Abstract

A well-established event of intraplate basin inversion and basement thrusting affected central Europe in Late Cretaceous time. It is widely accepted to have resulted from the collision of the Alpine orogen with Europe's margin. At that time an early Alpine orogen, located on the leading edge of the Adria microplate, still lay far southeast of its present-day position and had entered a phase of extension after a first orogenic event characterized by W- to NW-directed thrusting. This configuration is not likely to have induced SSW-NNE–directed thrusting and folding in the future European foreland that was still separated from the Alpine wedge by a strip of oceanic lithosphere.
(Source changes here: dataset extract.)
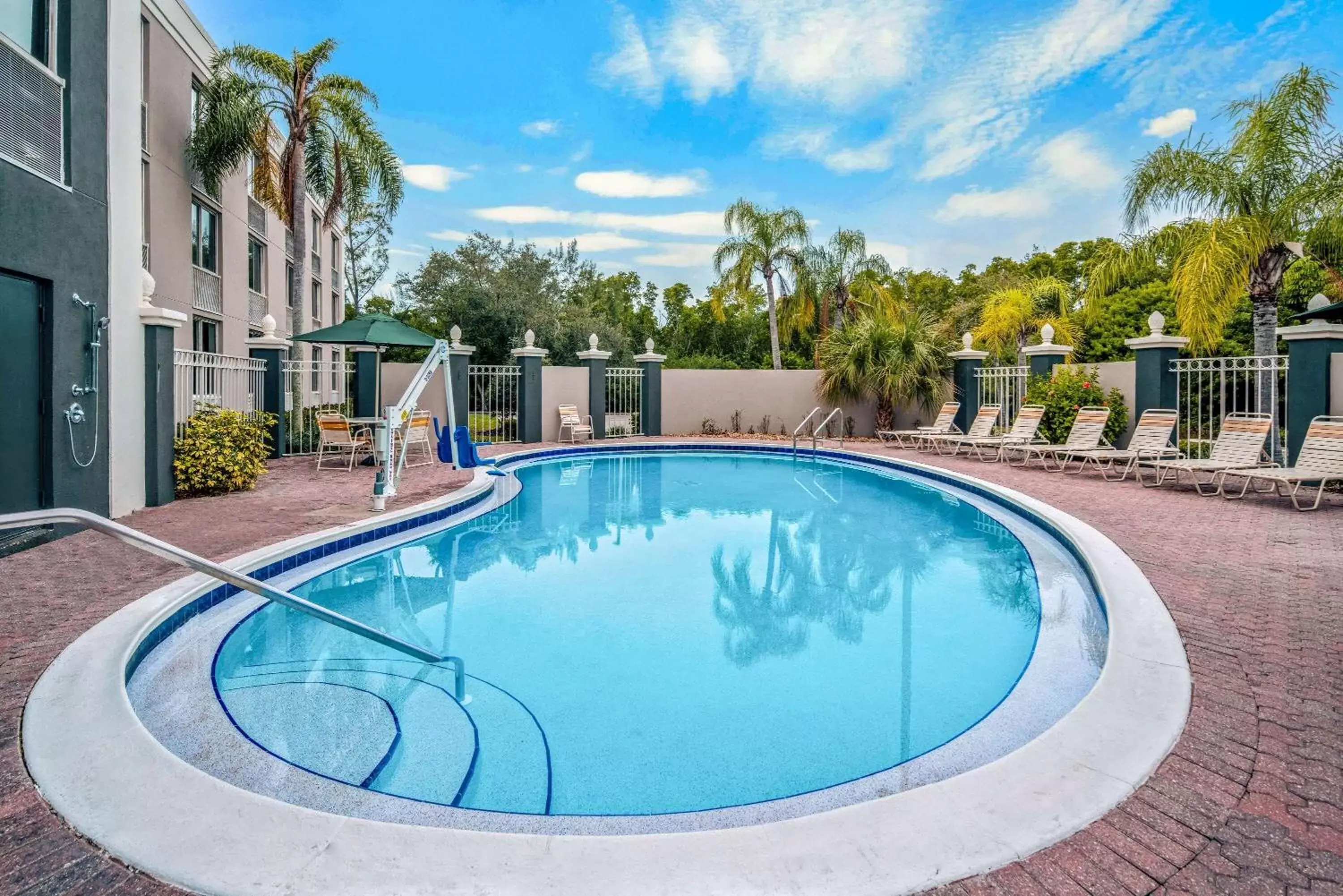 Pool view, Swimming Pool in La Quinta by Wyndham Naples Downtown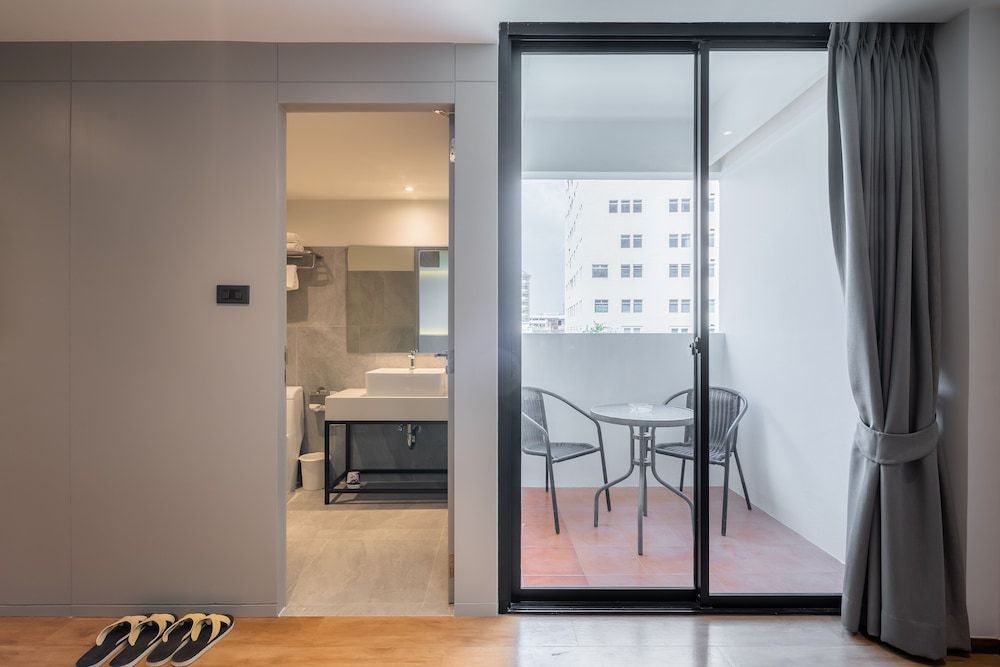 True Siam Phayathai Hotel Superior Room, Bathtub 10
By contrast, the onset of intraplate contraction coincides with an important change in relative motion between the European and African plates. At ca. 90 Ma, Africa's SSE-directed sinistral transform motion relative to Europe changed to NE-directed convergence. This agrees well with the timing and kinematics of intraplate thrusting in central Europe. Structures of similar age and kinematics occurring in southern France, Spain, and North Africa suggest that the Late Cretaceous pulse of contraction was caused by pinching west-central Europe's thin lithosphere between Baltica and Africa. Only since the onset of N-directed thrusting in the Alps in Paleocene or Eocene time are the kinematics of the Alps and their European foreland compatible, indicating that mechanical coupling between Africa-Europe and the Adria microplate had been achieved.